To take a simple example “work life balance” is extremely hard in a traditional industrial environment, where “work” happens at the workplace, and “life” happens at home.

But it is much easier in (say) a Googleplex-like workplace with childcare, gyms and healthy food options available right near your office.

My initial, possibly contrary, instinct is that this is the wrong way round. If much of your personal life (childcare, recreation) revolves around your employer and your workplace, that sounds like a bad example of work/life balance.

Being able to separate work and personal life seems more healthy to me. Of course, this depends on how long you spend working, how much the work takes out of you (mentally and physically), and how long you spend getting to and from work, but still, separating the two parts of life seems like a good thing.

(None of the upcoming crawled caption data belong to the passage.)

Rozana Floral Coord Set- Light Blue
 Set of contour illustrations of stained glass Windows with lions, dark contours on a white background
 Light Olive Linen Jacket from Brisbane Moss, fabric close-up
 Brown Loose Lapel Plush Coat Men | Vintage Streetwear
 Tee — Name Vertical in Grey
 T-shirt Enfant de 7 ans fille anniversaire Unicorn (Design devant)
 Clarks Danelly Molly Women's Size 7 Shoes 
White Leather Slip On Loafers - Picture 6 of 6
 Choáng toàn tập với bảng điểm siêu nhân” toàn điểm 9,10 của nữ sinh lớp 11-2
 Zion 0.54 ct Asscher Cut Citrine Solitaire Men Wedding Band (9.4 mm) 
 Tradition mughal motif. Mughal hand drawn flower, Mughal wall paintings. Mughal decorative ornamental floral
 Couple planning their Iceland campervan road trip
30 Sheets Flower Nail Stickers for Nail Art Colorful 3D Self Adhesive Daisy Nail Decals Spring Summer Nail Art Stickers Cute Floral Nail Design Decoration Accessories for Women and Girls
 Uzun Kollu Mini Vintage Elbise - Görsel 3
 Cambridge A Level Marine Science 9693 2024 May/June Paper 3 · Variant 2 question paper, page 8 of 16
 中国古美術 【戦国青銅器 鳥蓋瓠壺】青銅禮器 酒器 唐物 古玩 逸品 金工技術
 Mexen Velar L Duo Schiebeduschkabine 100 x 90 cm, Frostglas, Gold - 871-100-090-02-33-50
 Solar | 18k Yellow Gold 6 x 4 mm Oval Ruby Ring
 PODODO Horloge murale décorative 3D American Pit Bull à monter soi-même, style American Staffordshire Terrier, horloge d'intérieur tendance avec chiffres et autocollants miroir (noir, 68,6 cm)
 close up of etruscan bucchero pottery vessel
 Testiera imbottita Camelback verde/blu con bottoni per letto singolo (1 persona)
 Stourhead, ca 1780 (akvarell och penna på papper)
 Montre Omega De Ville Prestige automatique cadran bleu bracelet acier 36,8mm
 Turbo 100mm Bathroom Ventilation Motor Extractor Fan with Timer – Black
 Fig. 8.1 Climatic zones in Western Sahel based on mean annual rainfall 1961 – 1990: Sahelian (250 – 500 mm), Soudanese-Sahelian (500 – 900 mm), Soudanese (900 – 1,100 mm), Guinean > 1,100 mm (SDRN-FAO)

Which isn’t to say one’s workplace should be unfriendly, unwelcoming and not fun, or your work activity should be something you’d never do at home, or you shouldn’t see coworkers outside of work… just that having work provide or take over what would otherwise be entirely separate and personal seems a little… unhealthy? dependent?

(This post brought to you by my much neglected “tweet less, blog more, blog more quickly,” impulse.)

Comments

  • Google provides all those things to keep people in the office for longer hours, and in many cases to encourage the long term dependence of its recently-graduated employees on dormlike conditions. It’s totally rational but sometimes I wish they’d put energy into supporting public schemes like their transportation network instead of paying for private versions. The public/private balance here is another side to the work/life balance, and company towns always look like an attractive option until they stop growing or go bust.

  • Yes, I realise it’s nothing new to question companies making their workplaces all nice and friendly, and it’s always grated with me a bit. A good point about the public/private balance… founding or supporting local childcare for the neighbourhood generally would seem a much better balance than distorting the local market by setting up their own in-house versions, for example.